Dangers of trying to load JSON as lines of text into Postgres.
reproduce error (on my machine)
create dir & download json:
mkdir jsonproblem
cd !$
curl -OL https://datahub.io/core/usa-education-budget-analysis/datapackage.json
load into postgres (from psql):
create schema jsonproblem;
set search_path to jsonproblem;
create table t(t text);
\copy t from datapackage.json csv quote e'\x01' delimiter e'\x02'
select string_agg(t,E'\n')::jsonb from t;
Results in this error:
ERROR: invalid input syntax for type json
DETAIL: Expected string, but found "}".
CONTEXT: JSON data, line 119: }...
try some stuff
view by row #:
CREATE VIEW ln AS
select row_number() over() as n, t from t;
select t as lines from ln where n > 117 and n < 121;
lines
───────────────────────────────────
"lineTerminator": "\r\n",
},
"quoteChar": "\"",
Back to shell, lines 118-120 from the file:
cat datapackage.json | sed -n '118,120p'
"lineTerminator": "\r\n",
"quoteChar": "\"",
"skipInitialSpace": false
😦
I suspect this is related to quoting/escaping issues. On the other hand, a similar line appears earlier in the file:
cat datapackage.json | sed -n '53,55p'
"lineTerminator": "\r\n",
"quoteChar": "\"",
"skipInitialSpace": false
Those lines loaded without error:
psql
set search_path to jsonproblem;
select t as lines from ln where n > 52 and n < 56;
lines
───────────────────────────────────
"lineTerminator": "\r\n",
"quoteChar": "\"",
"skipInitialSpace": false
🤔
Let’s see what happens if line 119 is deleted before loading:
\copy t from program 'cat datapackage.json|sed ''119d''' csv quote e'\x01' delimiter e'\x02'
select string_agg(t,E'\n')::jsonb from t;
No error. 😯
It also works if I delete the similar line 53 (leaving 119 untouched):
truncate t;
\copy t from program 'cat datapackage.json|sed ''53d''' csv quote e'\x01' delimiter e'\x02'
select string_agg(t,E'\n')::jsonb from t;
No error.
Solution
As suspected, loading as a binary JSON avoids this error.

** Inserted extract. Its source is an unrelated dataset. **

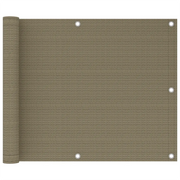 Paravento da Balcone Grigio Talpa 75x300 cm in HDPE cod mxl 11619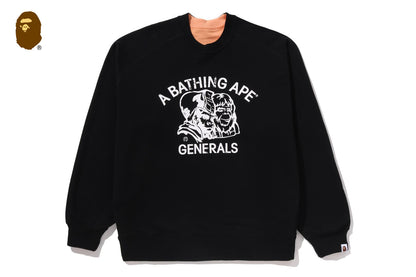 BAPE LOGO 可翻轉寬鬆版圓領運動衫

Method from: http://blog.rhodiumtoad.org.uk/2018/02/11/loading-data-from-json-files/
From psql:
set search_path to jsonproblem;
\set filename datapackage.json
\set ON_ERROR_ROLLBACK interactive
begin;
\lo_import :filename
\set obj :LASTOID
create table testtab as
select *
from convert_from(lo_get(:'obj'),'UTF8') as t;
-- clean up the object
\lo_unlink :obj
commit;
Loaded this way, select t::jsonb from testtab;
produces no error.
🥹